Louise went on to study at TAFE NSW South Western Sydney through her employer, the Tractor Shop. “I lived my apprenticeship for four years and finishing it has been my greatest achievement.

“But of course there were challenges along the way. For a while I really struggled. As a woman in a male dominated field I was letting it get the better of me, but then another woman who had been in the trade for 10 years started working with me. She made a huge difference. I really admired her strength and pride in her work and she helped me get through a tough couple of months.”

Now Louise wants to pay that experience forward, as a role model for women who wish to enter trades, or to just gain some self-sufficiency in undertaking a range of mechanical or automotive tasks. She is an active member of SALT (supporting and linking tradeswomen), a group of women who meet in Quakers Hill, NSW, to teach women of all ages and backgrounds how to use tools to build skills, and how to change a tyre.

Louise also runs basic car servicing workshops for girl guides, who have never held a spanner or inflated a tyre.
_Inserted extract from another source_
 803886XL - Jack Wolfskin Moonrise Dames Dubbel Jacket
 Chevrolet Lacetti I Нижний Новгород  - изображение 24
“I am keen to be an ambassador for women who want to enter trades, and be a role model to grow those numbers exponentially. I want to exemplify that gender doesn’t have to make a difference or hold you back from doing something you love.

“My advice to anyone who’s thinking of doing an apprenticeship is that it’s 110 per cent worth it.  At some points it’s not going to be easy but you’ll get through it. The more effort you put in, questions you ask, opportunities you seize and risks you take will determine what kind of tradesperson emerges at the end. The outcome for me is doing what I love and doing it well.”